The two optical telescopes are adjacent to each other, and transmit two separate outgoing laser beams which require phase matching. The original source of the two outgoing beams may be either: a single laser beam, which has been divided (monochromatic); or two separately transmitted polychromatic laser beams.
The collecting telescope sits in front of the two optic telescopes and bridges the gap between them. In this way, the collecting telescope is able to intercept samples of outgoing laser beams from the edges of both telescopes and focus them, through the two fold mirrors to the detector array.
The detector array may be either a line scan or an area charge coupled device (CCD), which reads out the fringe pattern by generating an interference pattern.
The A/D converter, microprocessor, and correcting mirrors are used to match the phase of the outgoing beams by adjusting the optical path lengths of the beams. The above-cited Carreras application discloses a system which performs the functions attributed to the analog-to-digital converter and microprocessor in the Fender application. The Carreras system receives the interference pattern between samples of pairs of transmitted laser beams from a CCD camera, then performs a calculation of the difference in optical path lengths between the two beams which allows the laser transmitter to match the phase of the outgoing beams.
The above-cited application of Carreras et al discloses an electrical tracking system, which is used to achieve simultaneous low-bandwidth tracking of the tilt-induced errors on the signal beams from three independent telescopes. Each signal beam is passed through the same rotating chopper wheel which includes strategically placed sampling apertures or holes to allow the sequential sampling of the return beams. The sampled beams are then focused onto a single photo-detector cell wherein the beams are multiplexed, thus allowing a single detector to sample all the return beams while providing a single common reference point. The sampled beam is combined with the direct return beam signal from each telescope to provide an error tilt compensation signal.

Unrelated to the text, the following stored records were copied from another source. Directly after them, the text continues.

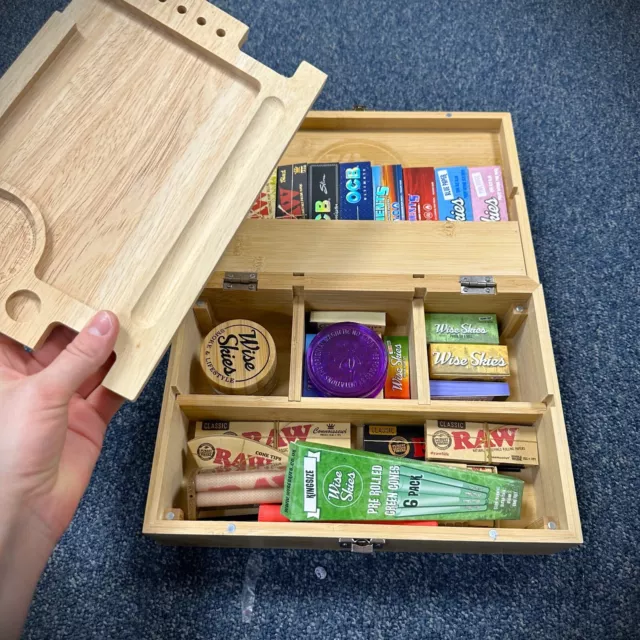 Wooden Stash Box Bundle, Rolling Tray, Jar, Rolling Kit, Rolling Tray Stash  Box with Lock, Rolling Tray Bundle, Bamboo Rolling Tray with Lid,  Accessories, Wood Storage Set, Locking Stash Box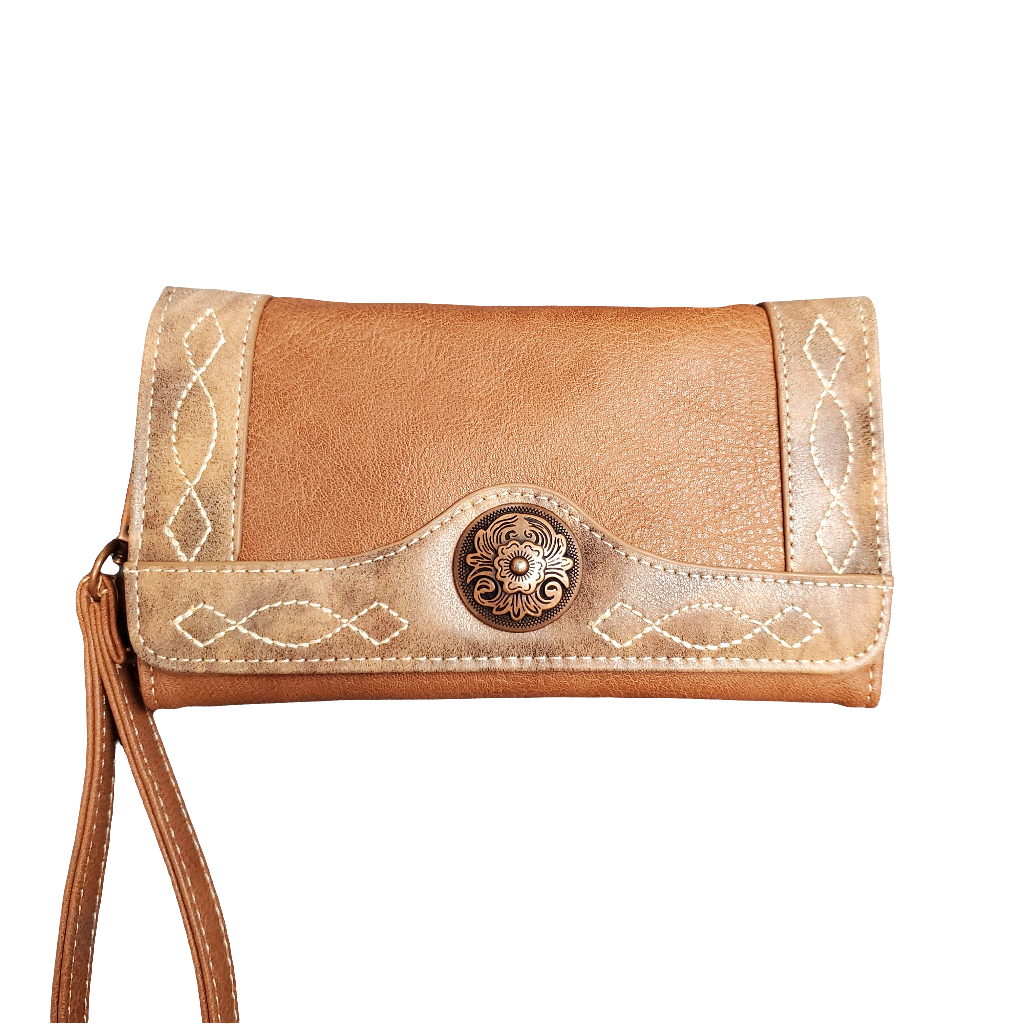 'Ivy' Brown Tri-Fold Women's Wallet by Nocona®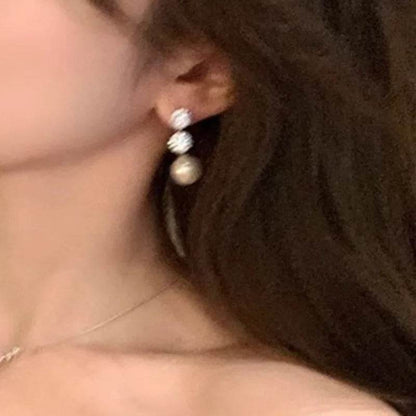 PANJBJ 925 Sterling Silver Round Studs Earrings For Women Pearl Zircon Grace Banquet Romantic Jewelry Gift Dropshipping - Touchy Style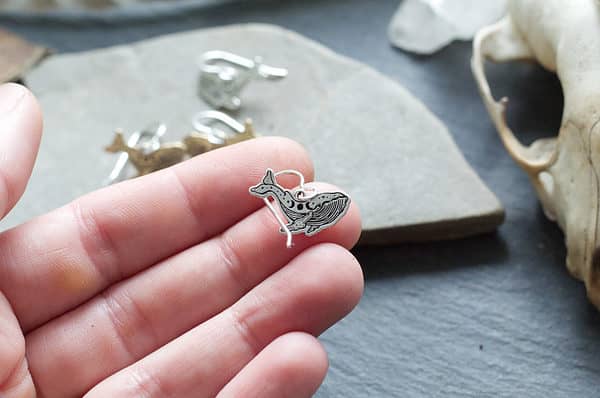 triple moon blue whale earrings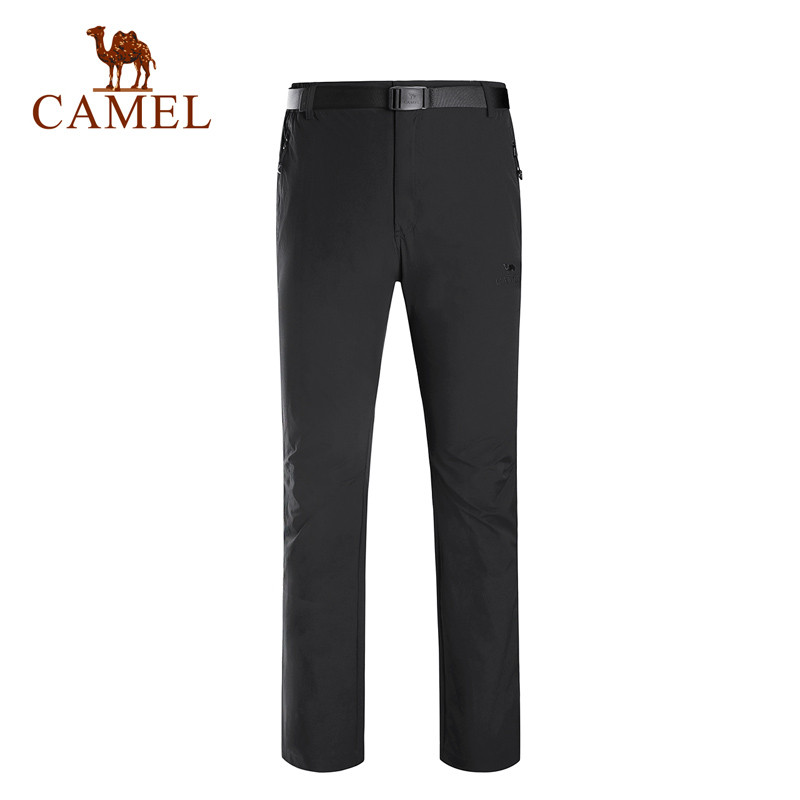 CAMEL骆驼户外速干裤 时尚舒适耐磨透气情侣款速干长裤夏 M A8S2Y5111，黑色，男款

While phased array radar systems have been around for years, optically phased laser transmitters are a comparatively newly emerging technology. Among the needs of current systems are the need for improved methods of correcting optical path length adjustments. The task of correcting optical path lengths is alleviated to some extent, by the systems of the following U.S. Patents, the disclosures of which are incorporated herein by reference:
U.S. Pat. No. 3,599,112 issued to Holtz;
U.S. Pat. No. 4,239,392 issued to Pohle;
U.S. Pat. No. 4,326,800 issued to Fitts;
U.S. Pat. No. 4,384,198 issued to Williamson; and
U.S. Pat. No. 4,413,909 issued to Pohle.
Pohle U.S. Pat. No. 4,413,909 discloses a system for measuring and correcting for tilt and aberrations in a laser beam. In the patent reference subaperture wavefront is compared with other subaperture wavefronts. The subapertures are focused on a diffraction grating to form images with interference patterns. A measurement is made of the phase difference between intensity fluctuations of the interference patterns. A similar wavefront sampling system for a laser beam projector or telescope is disclosed in Pohle U.S. Pat. No. 4,239,392.
Fitts is concerned with an automatic alignment system for high energy lasers. A servo-control system includes a wavefront sensor which analyzes the wavefront profile of a low energy replica of the high energy beam and generates control signals which actuate a deformable mirror to correct spurious wavefront aberrations. Williamson shows a time shared aperture device with wavefront analyzers and Holtz is included for its disclosure of a laser generator with a telescopic optical system.
While the above cited references are instructive, a need remains for a mechanism to remove detected errors in optically phased laser transmitters. The present invention is intended to satisfy that need.